Mafia Boss: Oww, I think I have a control of my goomar situation. I told her: “Hey, I’m going to my son’s birthday party”.

[A trashy looking woman enters the club mad as hell]

Mafia Mistress: Your son’s birthday, huh?!! [slams the door shut]

Mafia Boss: What are you doing here?

Mafia Mistress: Tonight was our anniversary of the first time you cheated on your wife!!

Mafia Boss: Baby, calm down. Ow, I had to take care of business.

Mafia Mistress: Business?!! Like what, huh?! Play poker with your stupid friends?!! I’ll give you poker!!

[Mafia Mistress grabs the whole stack of chips and crashes it onto the Wiseguy playing poker’s head]

[crash!]

All in the club: WHOOOOAH!!!

Mafia Boss: Baby, please!

Mafia Mistress: Don’t baby me!! I gotta hear all over town that you’re out grocery shopping and running errands with that whore!!!

[Mafia Mistress walks over to a wiseguy watching TV and having a drink.
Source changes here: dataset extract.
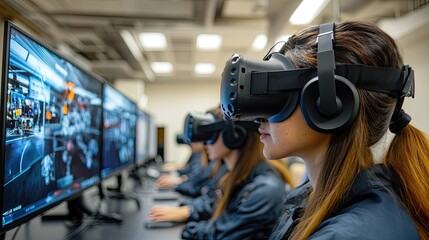 Poster - Virtual reality and AI technologies transforming employee training, enhancing learning experiences, and improving business efficiency through immersive, hands-on learning environments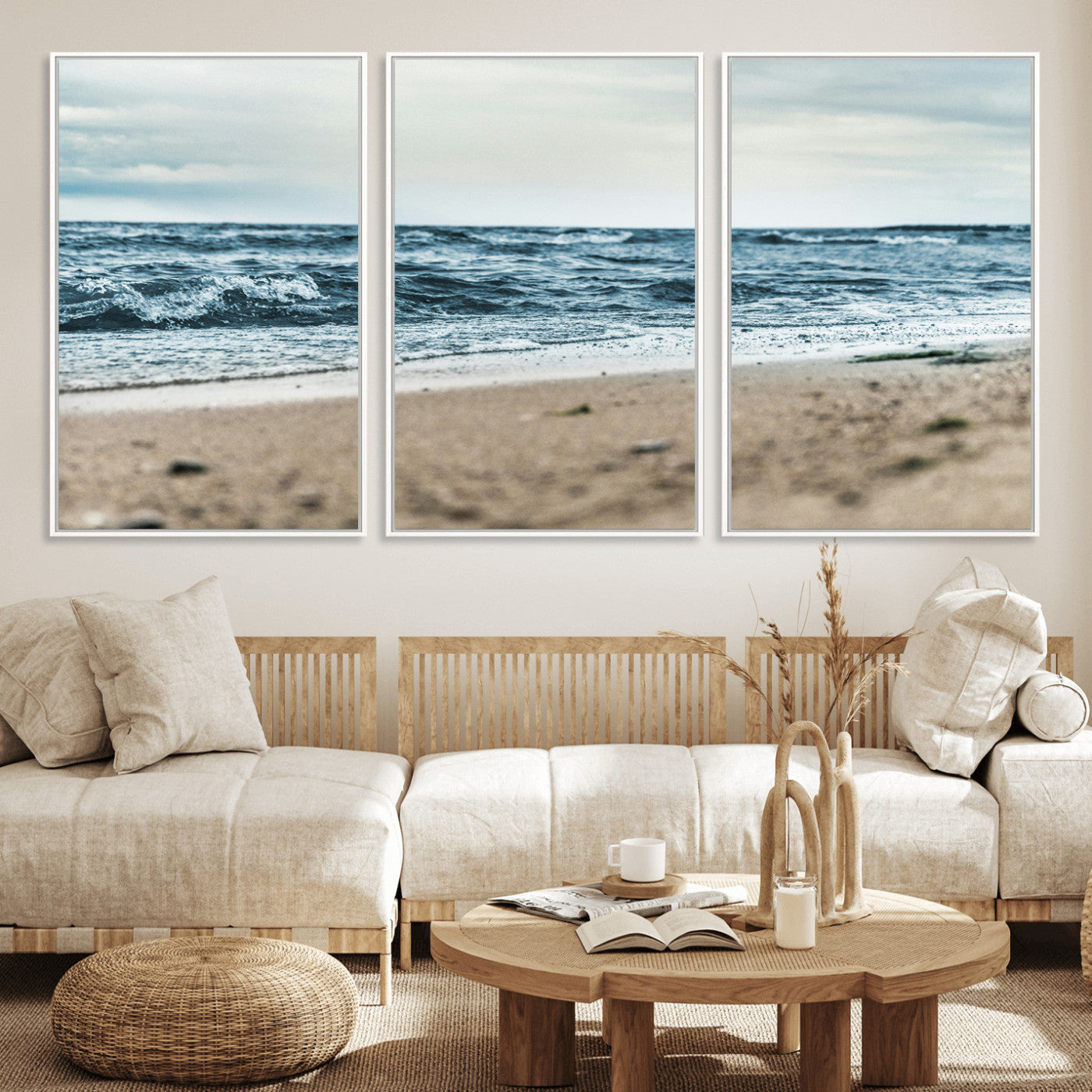 81812590-MGV-FC-60X30-3P_White-Ocean Wall Art Wall Art Canvas Print, Framed Coastal Canvas Art Picture Print, Moody Seascape Perfect Coastal Minimalist Decor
She grabs the TV and smashes it on the floor]

[crash!]

Watching TV Wiseguy: Great. I was watching that.

[Then she smashes his drink on the floor]

[glass shatters]

Watching TV Wiseguy: Great. I was drinking that.

Mafia Boss: She’s the mother of my children!

Mafia Mistress: Oh! Mother of your children?!! So, what am I?!! Some cheap bimbo?!!

[Mafia Mistress grabs a trophy and throws it into a glass table smashing it to pieces]

[glass shatters]

All in the club: WHOOOOAH!!!

Mafia Boss: We had to beat 400 families to win that thing! What’s the matta’ with ya’?!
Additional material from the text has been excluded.